Stored records ->
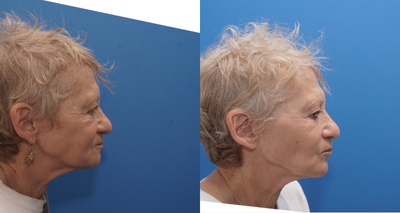 65-74 year old woman treated with Morpheus8 - Female patient treated with Morpheus8 for deep lines, wrinkles, lip lines, loose skin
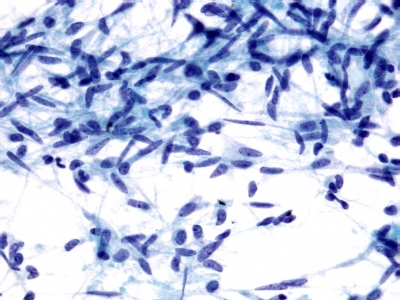 Spindle cell morphology may be prominent. 
Keywords: Medullary Carcinoma, Spindle Cell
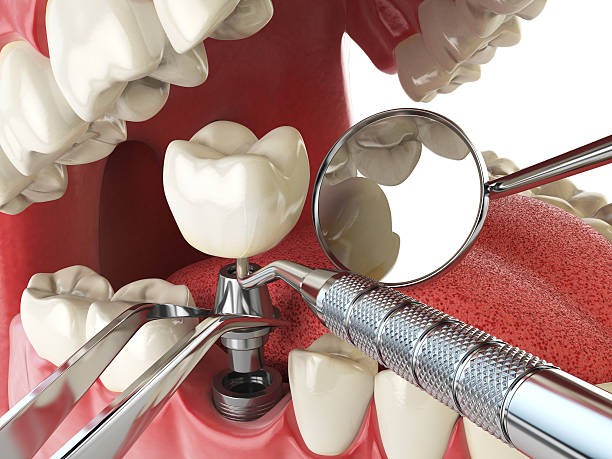 Best Urgent Care for Lost Fillings or Crowns in Bethlehem, WV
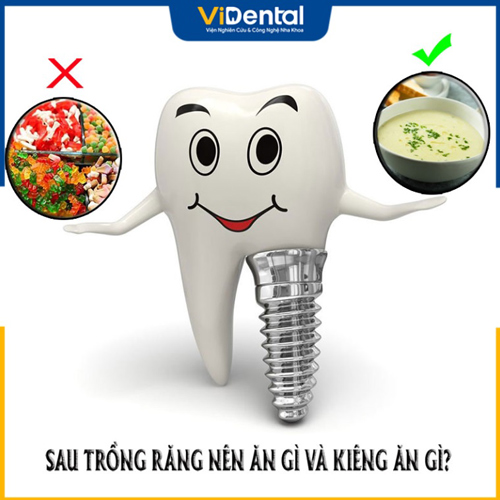 Cần chú ý nên và không nên ăn gì sau khi cấy trụ, trồng răng Implant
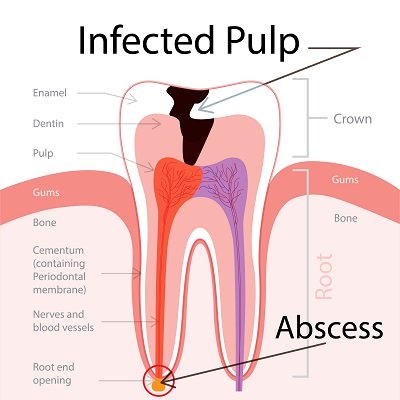 root canal treatment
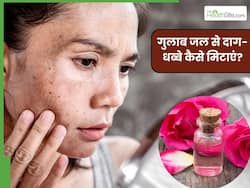चेहरे के दाग-धब्बे मिटाने के लिए गुलाब जल कैसे लगाएं? जानें 5 तरीके, जिनसे मिट जाएंगे जिद्दी डार्क स्पॉट्स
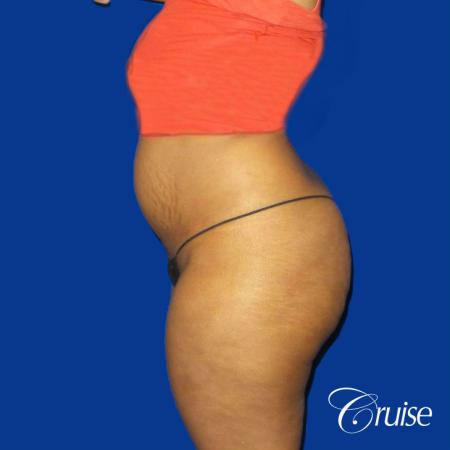 Best Tummy Tuck surgeons Newport Beach - Before Image 3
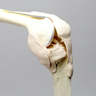 Knee, Arthroscopy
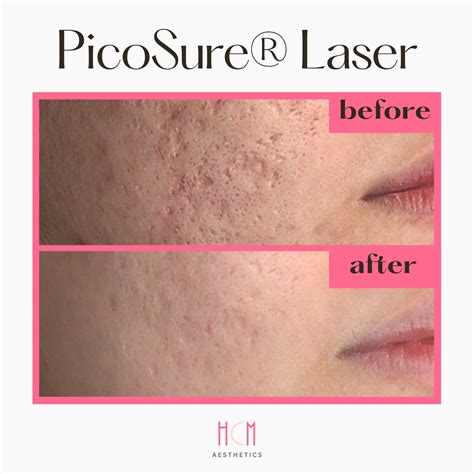 Stunning Removal of Acne Scars With PicoSure Laser Treatment in Houston ...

Exercise objective -> Each entry above should be returned exactly as written, minus its pictures.

Result for this task ->
 65-74 year old woman treated with Morpheus8 - Female patient treated with Morpheus8 for deep lines, wrinkles, lip lines, loose skin
 Spindle cell morphology may be prominent. 
Keywords: Medullary Carcinoma, Spindle Cell
 Best Urgent Care for Lost Fillings or Crowns in Bethlehem, WV
 Cần chú ý nên và không nên ăn gì sau khi cấy trụ, trồng răng Implant
 root canal treatment
चेहरे के दाग-धब्बे मिटाने के लिए गुलाब जल कैसे लगाएं? जानें 5 तरीके, जिनसे मिट जाएंगे जिद्दी डार्क स्पॉट्स
 Best Tummy Tuck surgeons Newport Beach - Before Image 3
 Knee, Arthroscopy
 Stunning Removal of Acne Scars With PicoSure Laser Treatment in Houston ...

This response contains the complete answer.